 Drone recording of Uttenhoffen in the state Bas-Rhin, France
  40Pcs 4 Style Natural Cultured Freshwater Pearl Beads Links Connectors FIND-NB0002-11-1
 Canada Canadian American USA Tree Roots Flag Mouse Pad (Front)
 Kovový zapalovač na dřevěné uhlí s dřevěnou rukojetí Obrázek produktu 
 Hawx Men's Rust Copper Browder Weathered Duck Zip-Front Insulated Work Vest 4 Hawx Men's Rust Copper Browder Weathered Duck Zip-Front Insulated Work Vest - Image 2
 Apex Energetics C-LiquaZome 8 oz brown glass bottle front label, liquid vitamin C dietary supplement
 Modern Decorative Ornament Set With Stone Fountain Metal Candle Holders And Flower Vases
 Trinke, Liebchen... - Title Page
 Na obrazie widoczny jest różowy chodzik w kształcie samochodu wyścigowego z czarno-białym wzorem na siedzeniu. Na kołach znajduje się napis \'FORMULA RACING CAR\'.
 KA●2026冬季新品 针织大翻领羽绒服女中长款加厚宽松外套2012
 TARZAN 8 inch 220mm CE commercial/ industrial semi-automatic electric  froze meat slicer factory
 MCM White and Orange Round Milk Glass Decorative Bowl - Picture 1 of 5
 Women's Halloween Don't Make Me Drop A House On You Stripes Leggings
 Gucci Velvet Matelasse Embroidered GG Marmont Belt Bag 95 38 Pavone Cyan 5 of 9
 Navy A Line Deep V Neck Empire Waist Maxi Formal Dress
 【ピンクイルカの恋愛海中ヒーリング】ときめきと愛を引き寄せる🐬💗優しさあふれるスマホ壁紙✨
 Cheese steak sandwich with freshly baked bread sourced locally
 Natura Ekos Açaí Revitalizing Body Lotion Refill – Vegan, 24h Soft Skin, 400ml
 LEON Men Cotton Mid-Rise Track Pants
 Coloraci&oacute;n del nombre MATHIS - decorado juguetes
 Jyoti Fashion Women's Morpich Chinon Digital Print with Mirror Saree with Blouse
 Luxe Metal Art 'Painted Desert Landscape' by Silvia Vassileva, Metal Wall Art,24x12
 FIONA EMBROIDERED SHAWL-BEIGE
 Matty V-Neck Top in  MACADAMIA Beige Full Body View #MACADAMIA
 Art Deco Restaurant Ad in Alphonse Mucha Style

## [What to produce]
The reply should consist of the records, reproduced exactly.

## [Result for this exercise]
 Drone recording of Uttenhoffen in the state Bas-Rhin, France
  40Pcs 4 Style Natural Cultured Freshwater Pearl Beads Links Connectors FIND-NB0002-11-1
 Canada Canadian American USA Tree Roots Flag Mouse Pad (Front)
 Kovový zapalovač na dřevěné uhlí s dřevěnou rukojetí Obrázek produktu 
 Hawx Men's Rust Copper Browder Weathered Duck Zip-Front Insulated Work Vest 4 Hawx Men's Rust Copper Browder Weathered Duck Zip-Front Insulated Work Vest - Image 2
 Apex Energetics C-LiquaZome 8 oz brown glass bottle front label, liquid vitamin C dietary supplement
 Modern Decorative Ornament Set With Stone Fountain Metal Candle Holders And Flower Vases
 Trinke, Liebchen... - Title Page
 Na obrazie widoczny jest różowy chodzik w kształcie samochodu wyścigowego z czarno-białym wzorem na siedzeniu. Na kołach znajduje się napis \'FORMULA RACING CAR\'.
 KA●2026冬季新品 针织大翻领羽绒服女中长款加厚宽松外套2012
 TARZAN 8 inch 220mm CE commercial/ industrial semi-automatic electric  froze meat slicer factory
 MCM White and Orange Round Milk Glass Decorative Bowl - Picture 1 of 5
 Women's Halloween Don't Make Me Drop A House On You Stripes Leggings
 Gucci Velvet Matelasse Embroidered GG Marmont Belt Bag 95 38 Pavone Cyan 5 of 9
 Navy A Line Deep V Neck Empire Waist Maxi Formal Dress
 【ピンクイルカの恋愛海中ヒーリング】ときめきと愛を引き寄せる🐬💗優しさあふれるスマホ壁紙✨
 Cheese steak sandwich with freshly baked bread sourced locally
 Natura Ekos Açaí Revitalizing Body Lotion Refill – Vegan, 24h Soft Skin, 400ml
 LEON Men Cotton Mid-Rise Track Pants
 Coloraci&oacute;n del nombre MATHIS - decorado juguetes
 Jyoti Fashion Women's Morpich Chinon Digital Print with Mirror Saree with Blouse
 Luxe Metal Art 'Painted Desert Landscape' by Silvia Vassileva, Metal Wall Art,24x12
 FIONA EMBROIDERED SHAWL-BEIGE
 Matty V-Neck Top in  MACADAMIA Beige Full Body View #MACADAMIA
 Art Deco Restaurant Ad in Alphonse Mucha Style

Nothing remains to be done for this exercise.